[Records excerpted from a collection]
# # #
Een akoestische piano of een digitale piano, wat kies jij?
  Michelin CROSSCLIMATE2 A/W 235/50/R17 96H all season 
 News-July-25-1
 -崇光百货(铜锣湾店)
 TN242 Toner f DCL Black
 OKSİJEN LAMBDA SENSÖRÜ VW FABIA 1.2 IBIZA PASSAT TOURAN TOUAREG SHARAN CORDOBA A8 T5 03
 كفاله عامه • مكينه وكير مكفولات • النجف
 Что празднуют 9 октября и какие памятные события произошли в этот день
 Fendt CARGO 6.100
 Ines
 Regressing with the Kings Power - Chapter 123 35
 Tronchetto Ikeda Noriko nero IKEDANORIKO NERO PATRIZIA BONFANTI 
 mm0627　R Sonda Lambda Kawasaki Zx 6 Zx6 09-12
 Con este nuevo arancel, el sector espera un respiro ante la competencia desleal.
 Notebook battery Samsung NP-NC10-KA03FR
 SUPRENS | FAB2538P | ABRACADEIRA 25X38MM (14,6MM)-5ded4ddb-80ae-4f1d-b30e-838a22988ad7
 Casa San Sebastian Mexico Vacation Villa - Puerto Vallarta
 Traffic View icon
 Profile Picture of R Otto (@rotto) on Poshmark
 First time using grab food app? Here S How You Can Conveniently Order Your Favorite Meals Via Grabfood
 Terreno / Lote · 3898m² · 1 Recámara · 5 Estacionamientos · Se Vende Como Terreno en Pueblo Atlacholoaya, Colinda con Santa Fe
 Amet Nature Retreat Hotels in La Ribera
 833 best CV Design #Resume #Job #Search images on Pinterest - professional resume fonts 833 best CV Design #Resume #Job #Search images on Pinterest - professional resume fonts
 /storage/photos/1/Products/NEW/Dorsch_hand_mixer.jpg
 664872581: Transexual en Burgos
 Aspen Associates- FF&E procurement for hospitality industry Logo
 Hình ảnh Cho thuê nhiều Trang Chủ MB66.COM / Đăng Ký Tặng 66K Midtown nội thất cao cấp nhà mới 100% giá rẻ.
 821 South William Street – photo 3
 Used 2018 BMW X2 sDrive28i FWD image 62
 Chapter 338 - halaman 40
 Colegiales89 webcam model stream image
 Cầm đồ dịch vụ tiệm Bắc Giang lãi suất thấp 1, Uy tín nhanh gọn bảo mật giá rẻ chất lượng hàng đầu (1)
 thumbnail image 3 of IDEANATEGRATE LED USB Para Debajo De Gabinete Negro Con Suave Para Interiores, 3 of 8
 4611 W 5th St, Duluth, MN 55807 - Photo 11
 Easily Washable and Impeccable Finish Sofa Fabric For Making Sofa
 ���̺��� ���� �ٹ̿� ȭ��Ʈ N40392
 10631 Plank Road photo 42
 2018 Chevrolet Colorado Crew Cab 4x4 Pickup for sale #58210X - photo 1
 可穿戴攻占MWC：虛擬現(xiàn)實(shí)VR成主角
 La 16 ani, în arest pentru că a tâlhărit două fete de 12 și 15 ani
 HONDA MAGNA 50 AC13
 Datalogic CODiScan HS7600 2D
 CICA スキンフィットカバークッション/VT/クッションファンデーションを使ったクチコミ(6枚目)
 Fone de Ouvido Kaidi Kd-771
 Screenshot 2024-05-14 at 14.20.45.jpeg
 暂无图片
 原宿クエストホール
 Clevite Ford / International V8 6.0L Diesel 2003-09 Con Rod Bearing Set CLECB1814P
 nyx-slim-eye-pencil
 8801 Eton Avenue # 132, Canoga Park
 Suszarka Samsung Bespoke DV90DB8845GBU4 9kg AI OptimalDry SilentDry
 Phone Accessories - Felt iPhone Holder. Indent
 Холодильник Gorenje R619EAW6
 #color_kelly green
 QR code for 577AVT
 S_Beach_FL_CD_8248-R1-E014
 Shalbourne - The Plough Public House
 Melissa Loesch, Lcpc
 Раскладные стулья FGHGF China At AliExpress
# # #
Quote, word for word, every line from the top of the entries through the line that holds "SUPRENS | FAB2538P".

Een akoestische piano of een digitale piano, wat kies jij?
  Michelin CROSSCLIMATE2 A/W 235/50/R17 96H all season 
 News-July-25-1
 -崇光百货(铜锣湾店)
 TN242 Toner f DCL Black
 OKSİJEN LAMBDA SENSÖRÜ VW FABIA 1.2 IBIZA PASSAT TOURAN TOUAREG SHARAN CORDOBA A8 T5 03
 كفاله عامه • مكينه وكير مكفولات • النجف
 Что празднуют 9 октября и какие памятные события произошли в этот день
 Fendt CARGO 6.100
 Ines
 Regressing with the Kings Power - Chapter 123 35
 Tronchetto Ikeda Noriko nero IKEDANORIKO NERO PATRIZIA BONFANTI 
 mm0627　R Sonda Lambda Kawasaki Zx 6 Zx6 09-12
 Con este nuevo arancel, el sector espera un respiro ante la competencia desleal.
 Notebook battery Samsung NP-NC10-KA03FR
 SUPRENS | FAB2538P | ABRACADEIRA 25X38MM (14,6MM)-5ded4ddb-80ae-4f1d-b30e-838a22988ad7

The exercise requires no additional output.